We are to blow the shofar on the first day of the seventh month.

This precept is derived from His Word (blessed is He):

Leviticus 23:23-24
ADONAI said to Moshe, "Tell the people of Isra'el, 'In the seventh month, the first of the month is to be for you a day of complete rest for remembering, a holy convocation announced with blasts on the shofar.'"

Numbers 29:1 (Maimonides RP170; Meir MP30; Chinuch C405)
In the seventh month, on the first day of the month, you are to have a holy convocation; do not do any kind of ordinary work; it is a day of blowing the shofar for you.

The Hebrew of Leviticus 23:23:24 says that the first day of the seventh month (Tishrei on the lunar calendar) is a remembrance of blowing (Zich'ron T'ruah), and Numbers 29:1 says it is a day of blowing (Yom T'ruah); the CJB translation adds the word "shofar" (a trumpet made from an animal horn) because that was what was customarily blown in Moses' time to draw the community's attention, to summon to assembly, and to sound alarms.

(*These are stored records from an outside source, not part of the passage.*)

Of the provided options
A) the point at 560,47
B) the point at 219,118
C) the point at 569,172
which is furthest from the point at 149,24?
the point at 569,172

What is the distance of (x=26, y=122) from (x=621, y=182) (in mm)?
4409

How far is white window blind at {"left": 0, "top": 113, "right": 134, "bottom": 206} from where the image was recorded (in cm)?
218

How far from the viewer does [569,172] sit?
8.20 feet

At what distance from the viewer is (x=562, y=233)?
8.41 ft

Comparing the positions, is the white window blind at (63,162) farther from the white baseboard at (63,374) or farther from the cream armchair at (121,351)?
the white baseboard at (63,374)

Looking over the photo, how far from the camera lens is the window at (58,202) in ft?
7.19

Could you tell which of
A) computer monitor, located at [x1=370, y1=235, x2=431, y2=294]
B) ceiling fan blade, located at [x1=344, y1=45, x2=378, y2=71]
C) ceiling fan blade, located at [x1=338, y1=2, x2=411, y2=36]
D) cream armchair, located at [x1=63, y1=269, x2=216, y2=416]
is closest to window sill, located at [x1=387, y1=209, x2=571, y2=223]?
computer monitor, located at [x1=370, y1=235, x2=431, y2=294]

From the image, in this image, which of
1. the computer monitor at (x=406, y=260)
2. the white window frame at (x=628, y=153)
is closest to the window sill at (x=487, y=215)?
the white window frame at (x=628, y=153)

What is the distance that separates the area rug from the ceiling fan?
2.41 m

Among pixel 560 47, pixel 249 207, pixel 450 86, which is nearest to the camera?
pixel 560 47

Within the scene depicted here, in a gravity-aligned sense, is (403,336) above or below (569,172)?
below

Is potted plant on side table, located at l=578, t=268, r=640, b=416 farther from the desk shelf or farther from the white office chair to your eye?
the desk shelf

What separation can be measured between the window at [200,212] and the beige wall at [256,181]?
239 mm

That is why the first day of Tishrei is sometimes referred to as the "Day of Trumpets" (Yom HaShofar). It is generally understood that not everyone in the community need blow a shofar; it is sufficient that the community cause the shofar to be blown in public for all to hear.

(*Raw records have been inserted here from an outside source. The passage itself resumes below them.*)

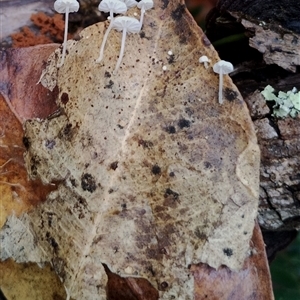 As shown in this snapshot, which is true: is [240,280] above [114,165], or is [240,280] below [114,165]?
below

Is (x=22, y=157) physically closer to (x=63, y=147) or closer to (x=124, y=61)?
(x=63, y=147)

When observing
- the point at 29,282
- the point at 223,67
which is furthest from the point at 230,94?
the point at 29,282

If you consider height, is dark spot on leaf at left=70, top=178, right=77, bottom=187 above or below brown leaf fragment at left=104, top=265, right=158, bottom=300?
above

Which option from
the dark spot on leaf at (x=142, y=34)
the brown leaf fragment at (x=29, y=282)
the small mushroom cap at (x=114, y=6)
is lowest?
the brown leaf fragment at (x=29, y=282)

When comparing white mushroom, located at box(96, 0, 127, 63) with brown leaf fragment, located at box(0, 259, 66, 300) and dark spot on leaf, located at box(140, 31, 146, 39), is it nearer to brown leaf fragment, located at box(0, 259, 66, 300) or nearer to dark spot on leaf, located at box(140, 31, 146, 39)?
dark spot on leaf, located at box(140, 31, 146, 39)

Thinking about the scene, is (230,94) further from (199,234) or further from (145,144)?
(199,234)

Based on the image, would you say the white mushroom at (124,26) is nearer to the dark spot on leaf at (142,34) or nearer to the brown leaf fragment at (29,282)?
the dark spot on leaf at (142,34)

In the Jewish world, the day is most commonly known as Rosh HaShanah (Head of the Year), and considered the "Day of Judgment" (Yom HaDin) when the "Books of Life" are opened, and we are called to begin an examination of our lives, with the purpose of repenting of our sins before the "Books" are again closed and sealed, ten days later, on the "Day of Atonement" (Yom Kippur). The day is also said, in Talmud, to be the anniversary of the creation of the world.

Scripture does not indicate the reason for Yom T'ruah, but its placement 10 days prior to Yom Kippur strongly suggests that it is intended to begin a count-down of days for personal introspection leading to Yom Kippur. This theme is reflected in Mishna Yoma 1 and its related Talmudic Gemara, that explain how the High Priest (Kohen HaGadol) was sequestered for purification seven days prior to Yom Kippur; that process would have begun three days from when the shofar sounded on Yom T'ruah.

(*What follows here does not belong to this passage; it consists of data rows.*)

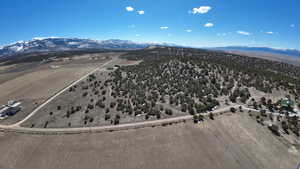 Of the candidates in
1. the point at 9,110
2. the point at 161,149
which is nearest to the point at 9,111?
the point at 9,110

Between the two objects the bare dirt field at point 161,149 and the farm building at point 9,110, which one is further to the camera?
the farm building at point 9,110

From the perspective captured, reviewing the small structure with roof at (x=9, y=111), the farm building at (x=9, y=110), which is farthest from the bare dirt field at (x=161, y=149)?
the farm building at (x=9, y=110)

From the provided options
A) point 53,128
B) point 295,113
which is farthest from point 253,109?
point 53,128

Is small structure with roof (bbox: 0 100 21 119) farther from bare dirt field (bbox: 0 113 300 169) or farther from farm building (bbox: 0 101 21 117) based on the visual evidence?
bare dirt field (bbox: 0 113 300 169)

This time of introspection from Yom T'ruah to Yom Kippur (known as the "Days of Awe" or Yamim Nora'iym) should be seen as meaningful to all Jews and all followers of Yeshua because, according to Exodus 19:6, Israel is a kingdom of priests (albeit not all of Israel are Levitical priests) and, according to 1 Peter 2:9 and Revelation 5:10, all New Covenant believers have been made priests as well. Priestly duties require time spent for personal cleansing, so what better use is there of the ten day period from when the trumpets sound to Yom Kippur? That notwithstanding, literal compliance with this Mitzvah, i.e., to blow the shofar, is mandatory only for Jews and K'rov Yisrael Gentiles. It is optional for Gentiles generally.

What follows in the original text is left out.